## The problem
All lines from the one containing "Image du produit" through the end of the material are to be given back exactly, without pictures.

## Collected material

┏━━

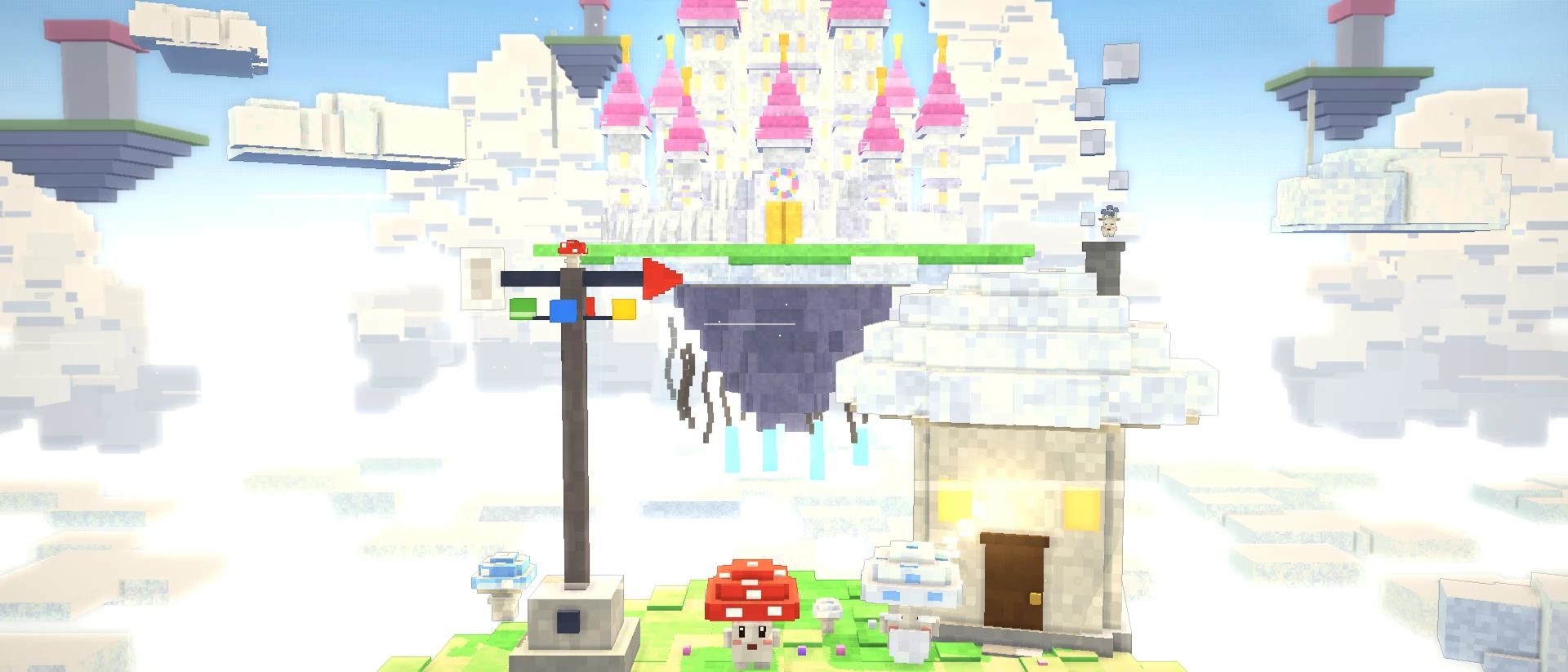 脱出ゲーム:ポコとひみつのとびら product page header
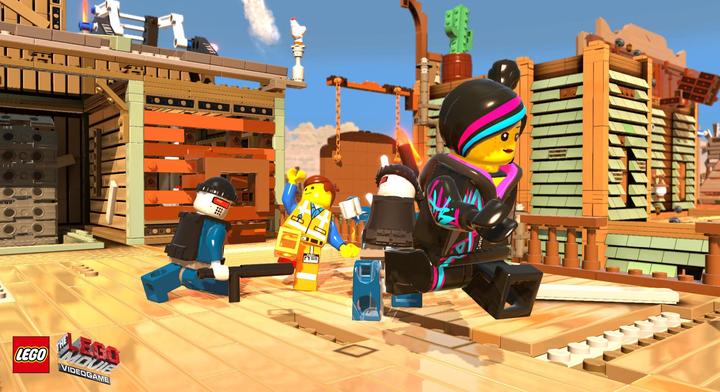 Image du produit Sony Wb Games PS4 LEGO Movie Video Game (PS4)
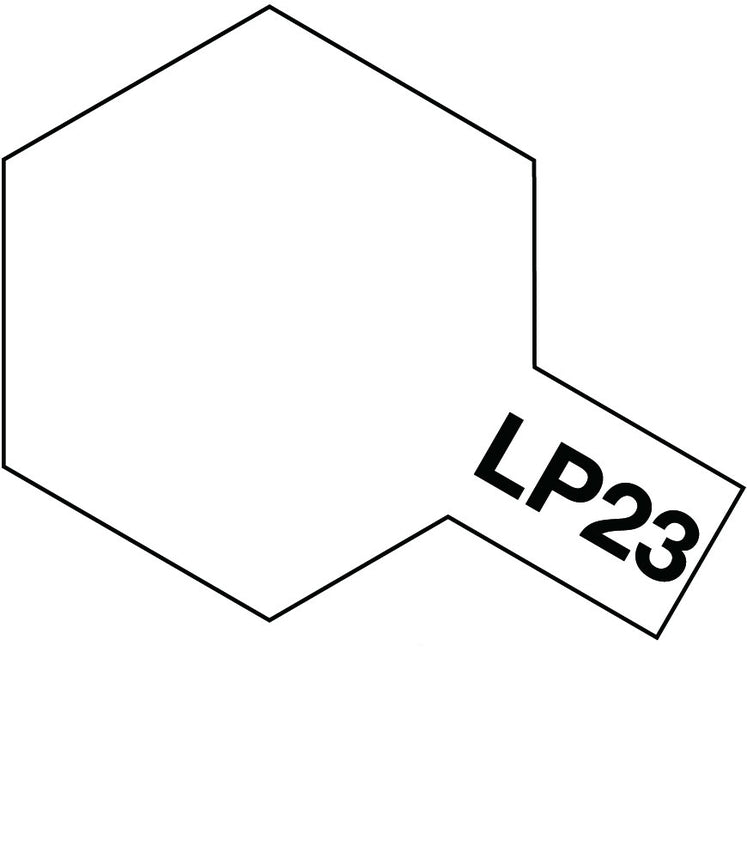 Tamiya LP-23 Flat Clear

┗━━

## Result below
 Image du produit Sony Wb Games PS4 LEGO Movie Video Game (PS4)
 Tamiya LP-23 Flat Clear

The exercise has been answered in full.